EXERCISE DETAILS: Your copy should hold only the lines from the one with "Photo of Flat" to the one with "Modern Home in", both included, each exactly as it stands below, with no pictures.
(SOURCE DATA)
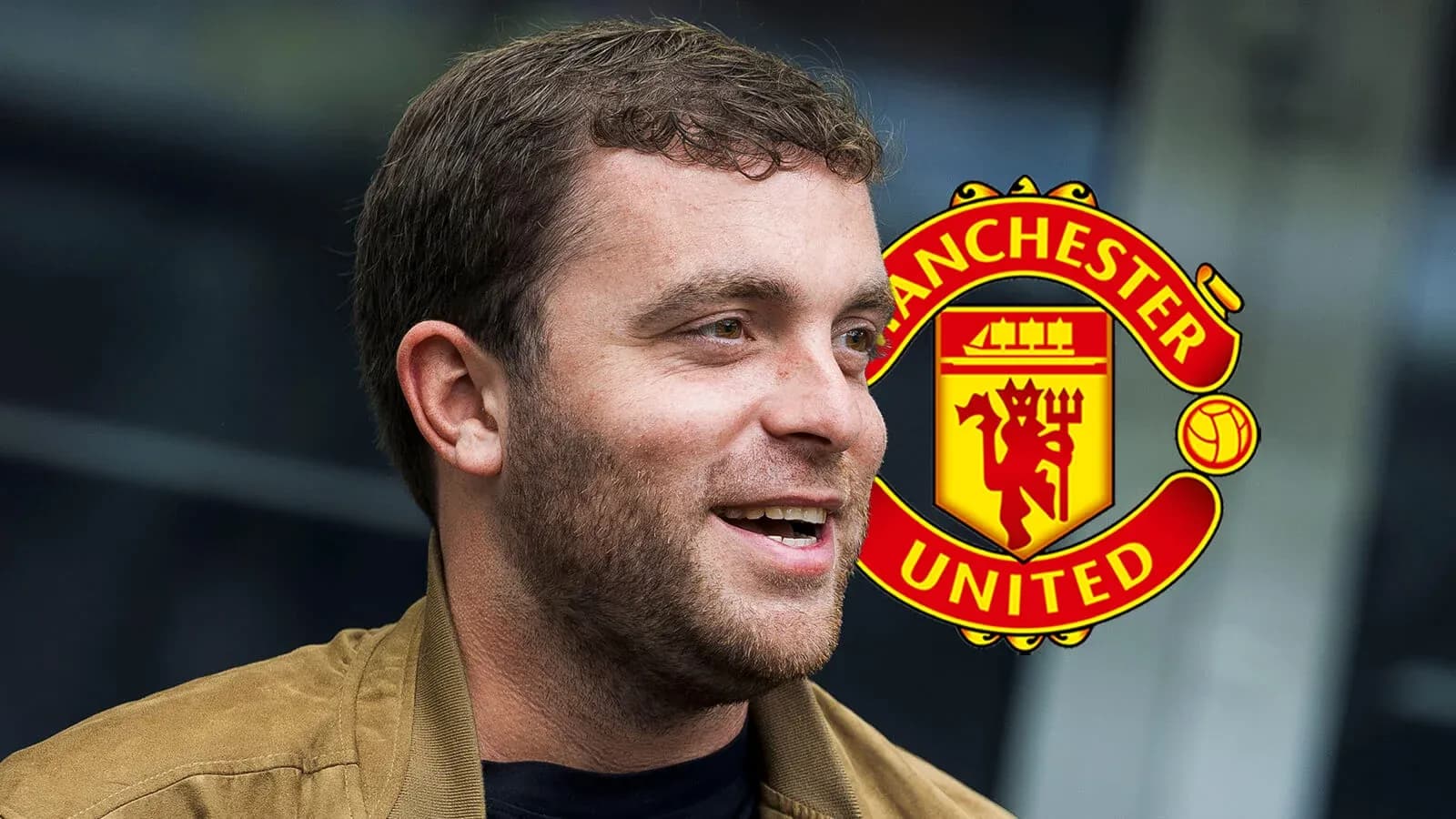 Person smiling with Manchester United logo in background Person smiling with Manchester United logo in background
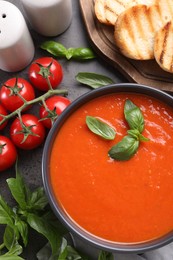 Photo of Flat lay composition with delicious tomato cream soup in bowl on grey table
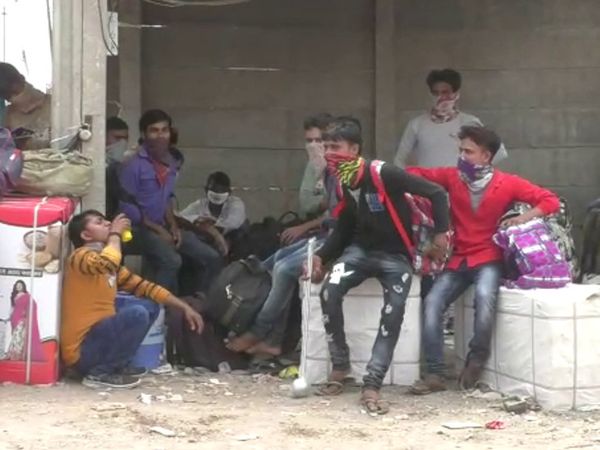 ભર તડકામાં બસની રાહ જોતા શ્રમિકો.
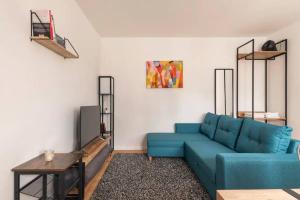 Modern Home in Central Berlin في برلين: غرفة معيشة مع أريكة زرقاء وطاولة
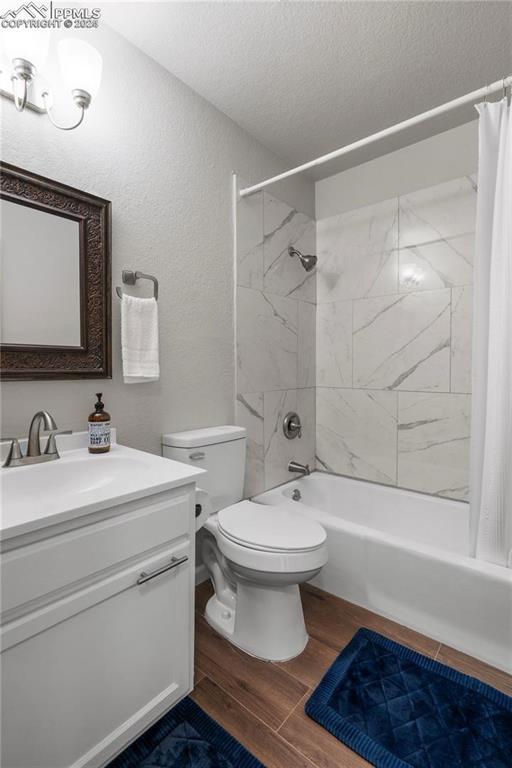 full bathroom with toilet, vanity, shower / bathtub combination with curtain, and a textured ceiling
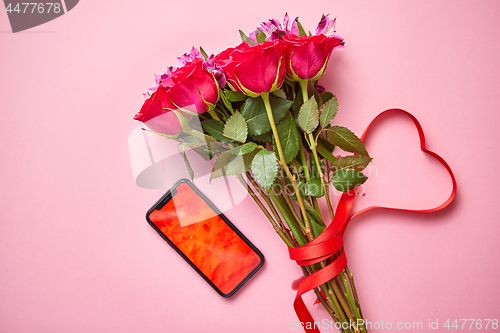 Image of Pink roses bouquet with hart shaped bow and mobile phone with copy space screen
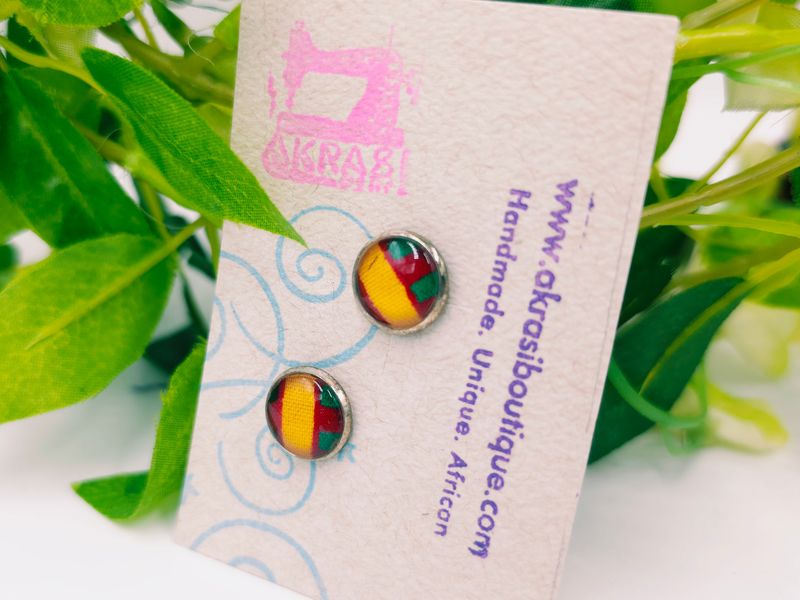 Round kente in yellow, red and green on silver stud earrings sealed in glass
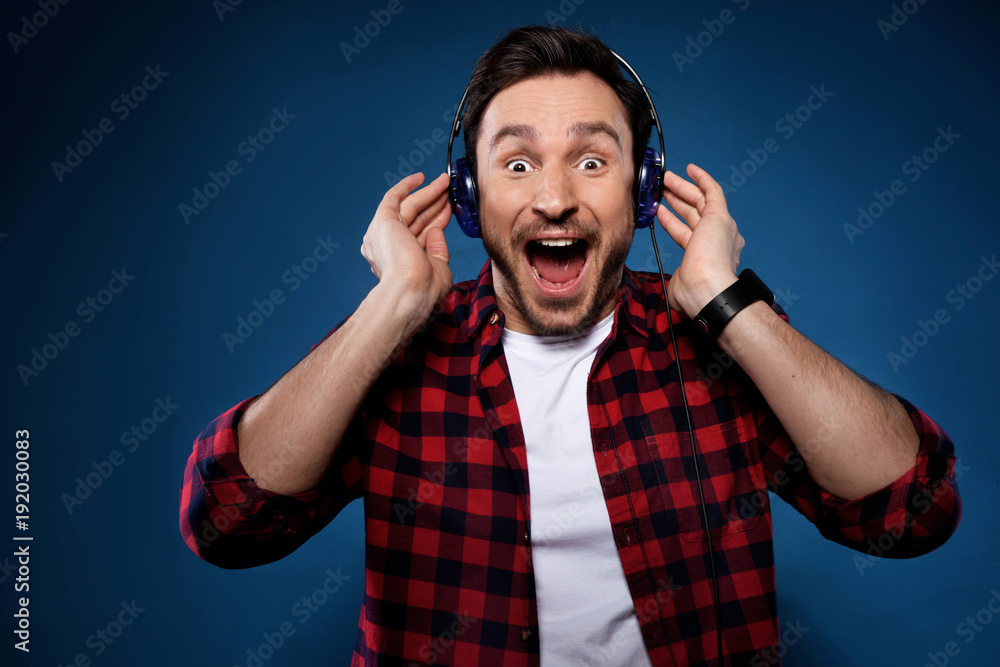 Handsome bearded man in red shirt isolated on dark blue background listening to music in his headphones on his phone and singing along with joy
(End SOURCE DATA)
THE ANSWER:
 Photo of Flat lay composition with delicious tomato cream soup in bowl on grey table
 ભર તડકામાં બસની રાહ જોતા શ્રમિકો.
 Modern Home in Central Berlin في برلين: غرفة معيشة مع أريكة زرقاء وطاولة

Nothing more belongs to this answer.